16
Elk golfje van het water drijft me tot waanzin. In elke beweging verschijnt jouw gezicht. Onbegrip en verwijt. Vooral dat laatste. We hebben je er niet voor kunnen behoeden. We hebben je niet beschermd.
Ik moet positief blijven denken. Mezelf constant overtuigen dat jij niet weerloos op de bodem van dit meertje ligt. Donker water dat je omsluit, planten die als slangen om je benen kronkelen. De kou… Sorry, lieverd. Het wordt me vaak te veel. Dan kan ik niet meer normaal denken. Slaat de paniek toe. Het grijpt me naar de keel. Tijdens die momenten haat ik mezelf. Daal ik af in een bodemloze put. Ik ben niet verward, ik word langzamerhand krankzinnig.
Ooit zul je begrijpen hoe ik me nu voel. Laat er ooit een ooit zijn.
De onzekerheid knaagt genadeloos. De politie weet nu bijna zeker dat jij niet in die angstaanjagende plas ligt. En ook niet in het bos en de directe omgeving. Ze hebben alles uitgekamd, de speurhonden konden niets vinden. De duikers evenmin…
Papa en ik zijn doorgelopen. We staan nu voor het stukje bos dat uitkomt bij het meer. Op deze plek ontdekten ze dat jij er niet meer was. Er zijn geen roodwitte linten gespannen, de politie is hier klaar. Ook hier hebben ze niets gevonden. En dat is goed, herhaal ik keer op keer. Dan leef jij nog. Je ademt en denkt aan ons, zoals wij elke seconde van de dag aan jou denken. Maar waar ben je?
Papa doet erg zijn best om mij te steunen. Hij huilt stilletjes in de badkamer en op momenten dat hij denkt dat ik het niet zie. Tegenover mij en andere mensen probeert hij zijn kalmte te bewaren. En dat is moeilijk, want hij heeft evenveel pijn als ik.

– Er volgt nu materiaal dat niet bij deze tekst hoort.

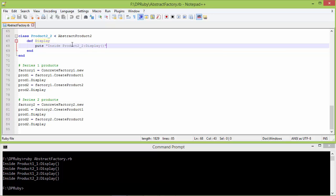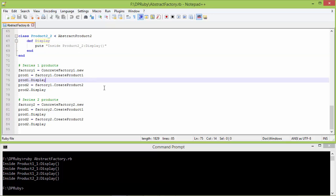So we can see we are using ConcreteFactory1 for creating series1 products and ConcreteFactory2 for creating series2 products.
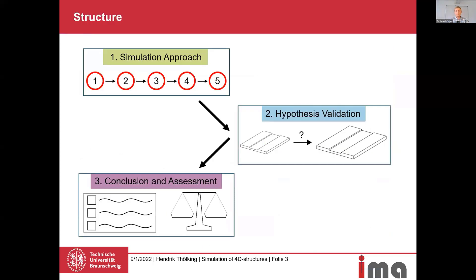I want to give my presentation a small structure. I'm going to show you our simulation approach, which will already contain our research hypothesis. Then I'm going to show you how we validated the hypothesis and the simulation approach, and in the end I want to conclude our results and assess the approach compared to existing numerical simulation approaches.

De politie heeft gezegd dat het beter is als wij naar huis gaan. Hier blijven heeft volgens hen geen zin. Dan worden we alleen maar meer geconfronteerd met de harde werkelijkheid dat jij verdwenen bent. Ik weet niet wat wij nu moeten doen. Hier blijven en jou zoeken? Ja. Wij gaan zoeken, zullen altijd doorgaan met zoeken. Maar waar? Hoe kun je zoeken als je niet weet waar je dat moet doen? Wij voelen ons zo machteloos, Bibi. En schuldig.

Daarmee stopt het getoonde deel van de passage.